▸ Exercise:
In the data below, which lines hold "wall"? Copy every one.

Collected data entries:
● ● ●

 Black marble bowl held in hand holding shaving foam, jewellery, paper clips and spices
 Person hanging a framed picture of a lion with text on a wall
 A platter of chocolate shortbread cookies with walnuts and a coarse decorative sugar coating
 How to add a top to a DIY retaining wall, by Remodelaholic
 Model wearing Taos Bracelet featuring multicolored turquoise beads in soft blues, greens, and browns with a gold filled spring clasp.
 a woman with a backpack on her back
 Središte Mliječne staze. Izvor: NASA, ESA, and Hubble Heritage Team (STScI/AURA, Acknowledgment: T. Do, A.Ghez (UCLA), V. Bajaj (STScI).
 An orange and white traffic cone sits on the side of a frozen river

● ● ●

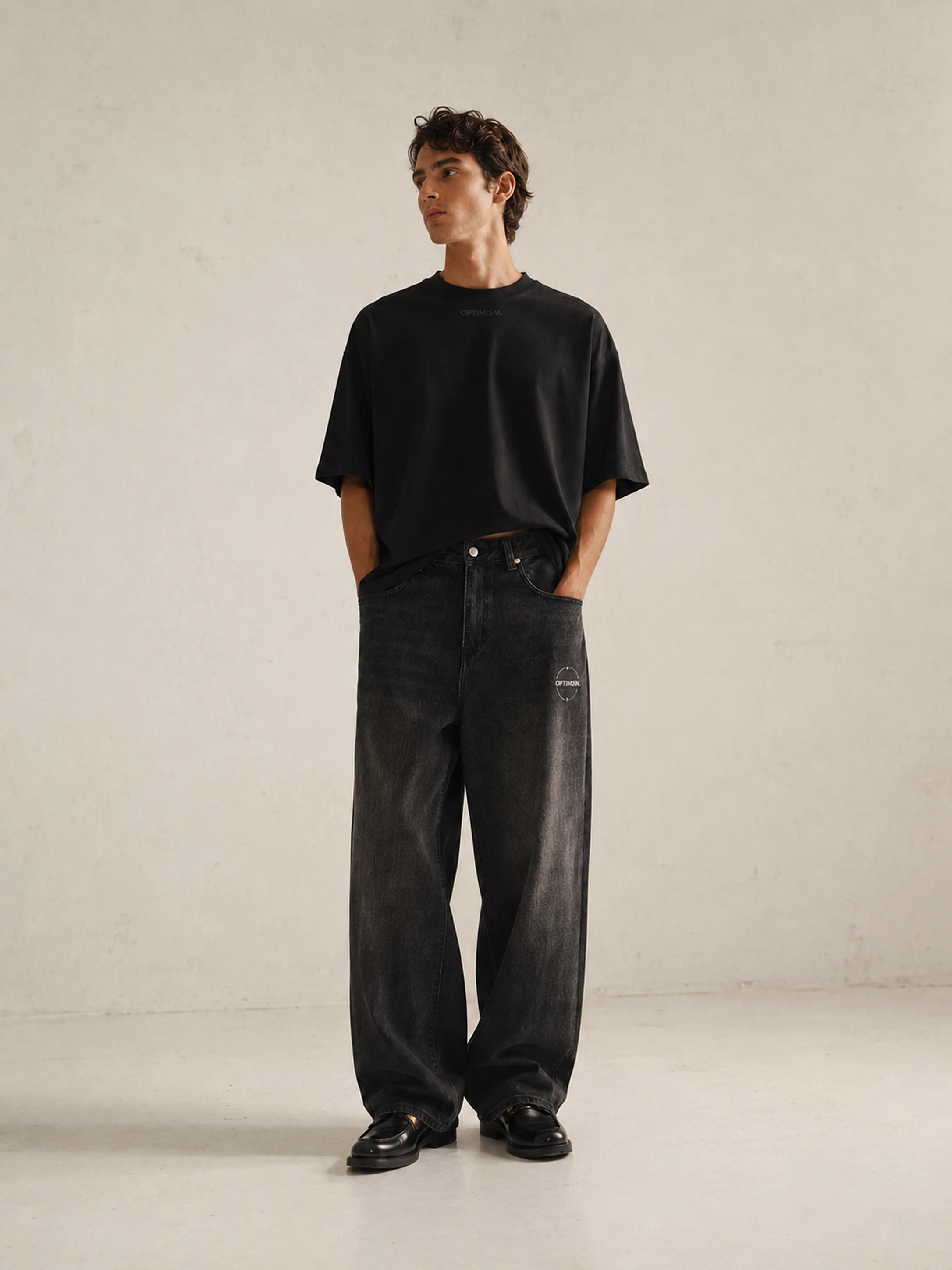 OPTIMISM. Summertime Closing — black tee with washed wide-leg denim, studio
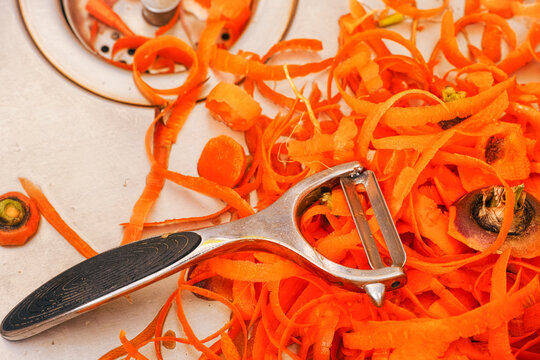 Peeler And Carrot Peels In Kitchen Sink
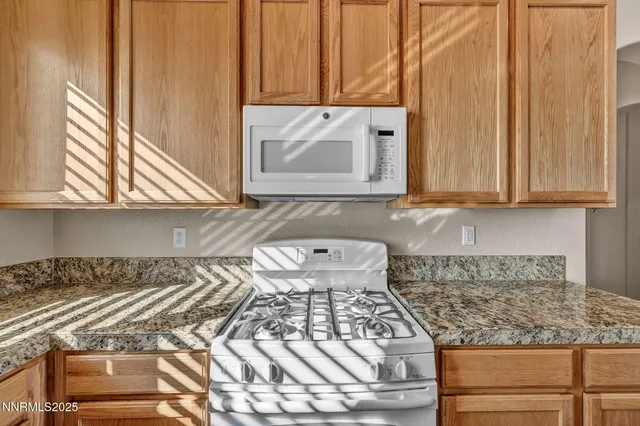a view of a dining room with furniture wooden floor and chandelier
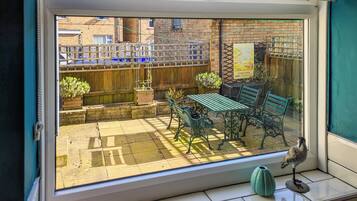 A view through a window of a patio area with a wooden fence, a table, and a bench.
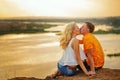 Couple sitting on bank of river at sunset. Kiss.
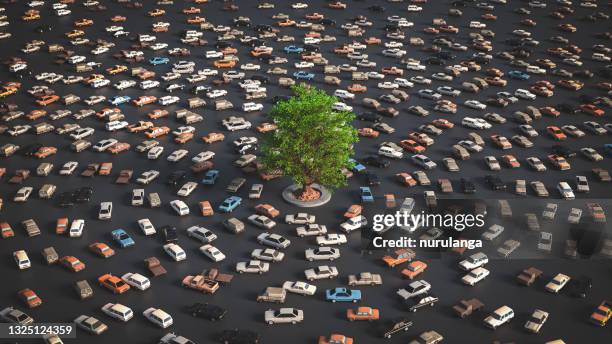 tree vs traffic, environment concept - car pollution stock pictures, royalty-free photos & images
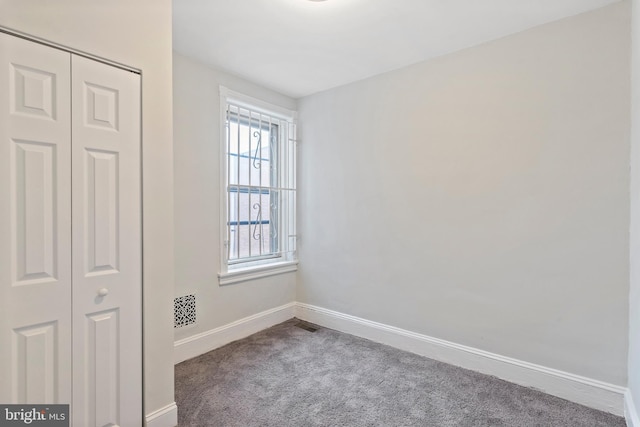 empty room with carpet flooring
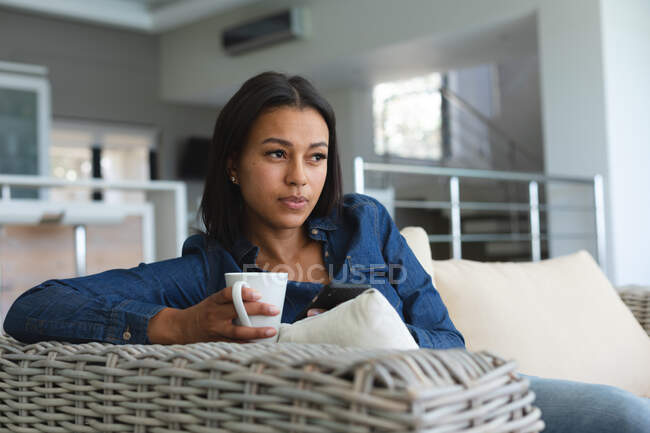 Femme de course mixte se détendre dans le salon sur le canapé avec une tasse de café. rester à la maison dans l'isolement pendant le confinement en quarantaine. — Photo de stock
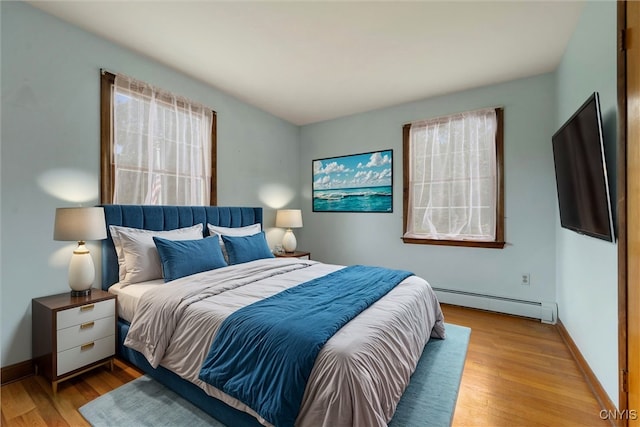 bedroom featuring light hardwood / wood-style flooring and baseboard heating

● ● ●

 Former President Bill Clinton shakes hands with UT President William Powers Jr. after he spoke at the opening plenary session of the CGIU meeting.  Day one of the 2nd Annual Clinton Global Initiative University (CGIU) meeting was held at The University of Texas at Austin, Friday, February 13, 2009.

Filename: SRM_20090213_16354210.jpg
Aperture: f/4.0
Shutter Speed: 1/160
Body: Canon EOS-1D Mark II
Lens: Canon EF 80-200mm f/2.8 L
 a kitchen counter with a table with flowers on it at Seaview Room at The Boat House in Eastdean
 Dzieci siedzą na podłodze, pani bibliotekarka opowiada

● ● ●

▸ Answer box:
 Person hanging a framed picture of a lion with text on a wall
 How to add a top to a DIY retaining wall, by Remodelaholic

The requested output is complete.